*** Source material ***

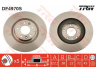 TRW DF4970S stabdžių diskas 
 Stabdžių sistema -> Diskinis stabdys -> Stabdžių diskas
F15133251, F15733251, F15733251A
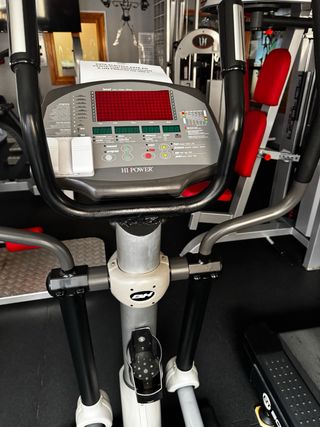 1 Ellittiche BH ADVANCE. PREZZO RIDOTTO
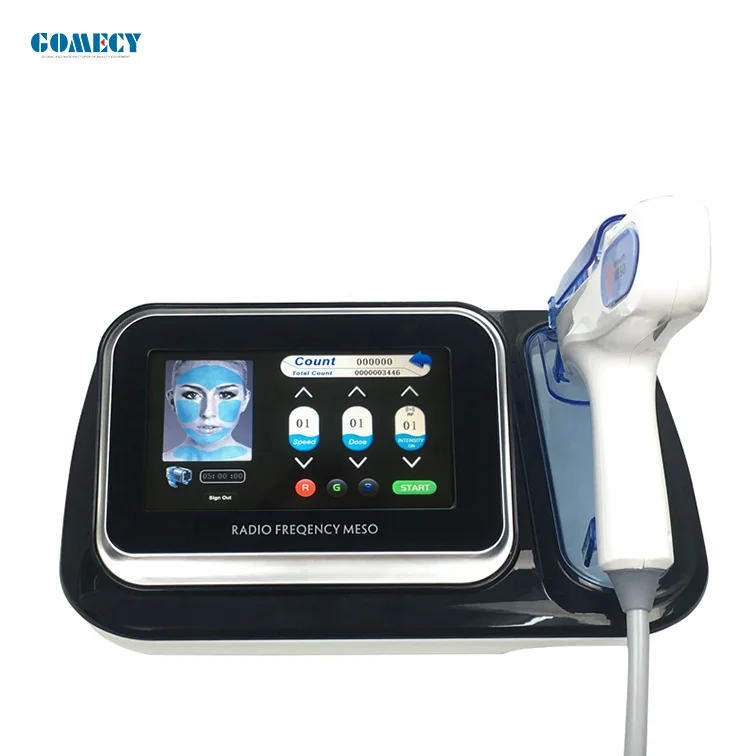 GOMECY mesogun mesotherapy gun hot selling  hair treatment meso gun with factory price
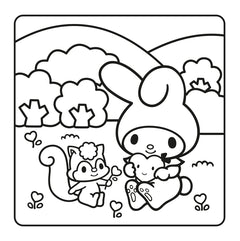 My Melody - Douce journée - Cosy Colo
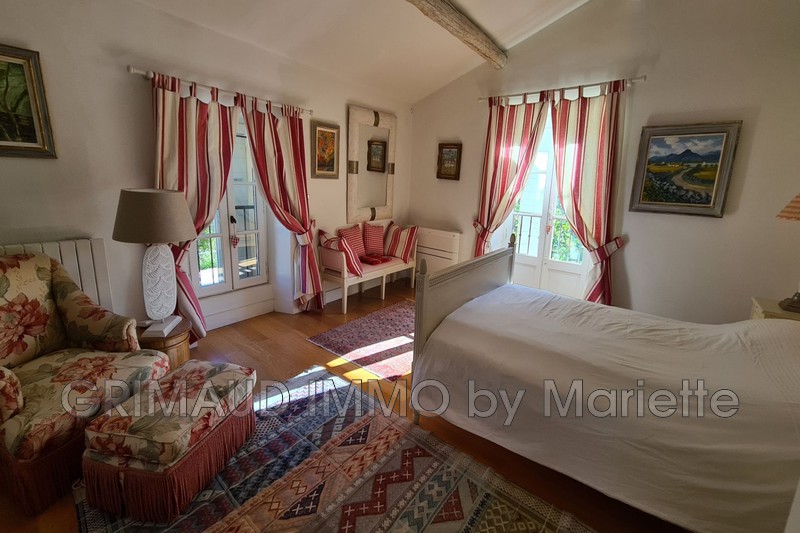 Photo n°8 - Vente maison en pierre La Garde-Freinet 83680 - 1 475 000 €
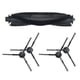 thumbnail image 1 of Compatible con las piezas del cepillo lateral del cepillo principal del robot aspirador Roidmi Eve Plus, 1 of 5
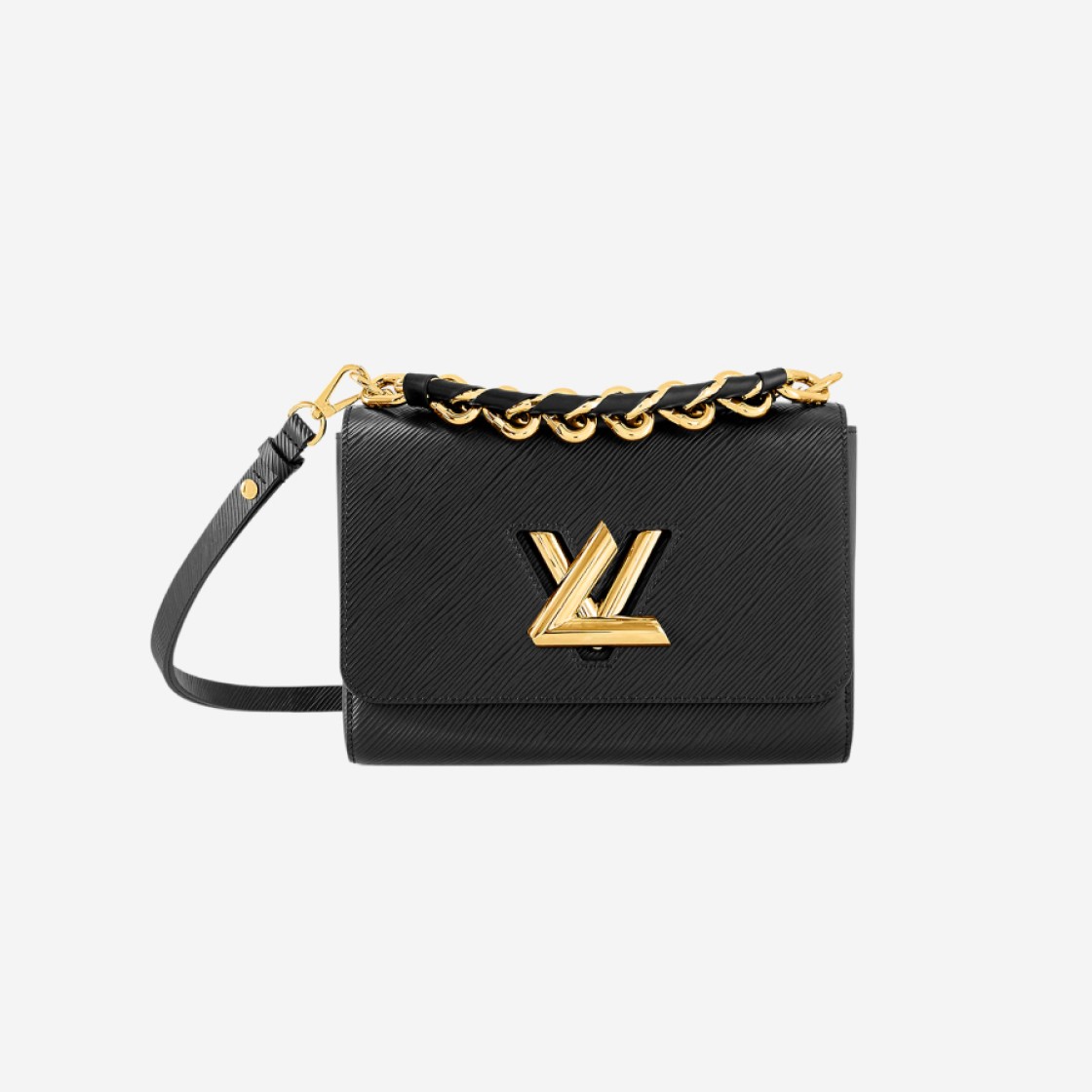 Louis Vuitton Twist MM Epi Black 상세 이미지 1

***

» Exercise prompt: Omit the pictures, then give every record back exactly as it stands.

» Task answer:
 TRW DF4970S stabdžių diskas 
 Stabdžių sistema -> Diskinis stabdys -> Stabdžių diskas
F15133251, F15733251, F15733251A
 1 Ellittiche BH ADVANCE. PREZZO RIDOTTO
 GOMECY mesogun mesotherapy gun hot selling  hair treatment meso gun with factory price
 My Melody - Douce journée - Cosy Colo
 Photo n°8 - Vente maison en pierre La Garde-Freinet 83680 - 1 475 000 €
 thumbnail image 1 of Compatible con las piezas del cepillo lateral del cepillo principal del robot aspirador Roidmi Eve Plus, 1 of 5
 Louis Vuitton Twist MM Epi Black 상세 이미지 1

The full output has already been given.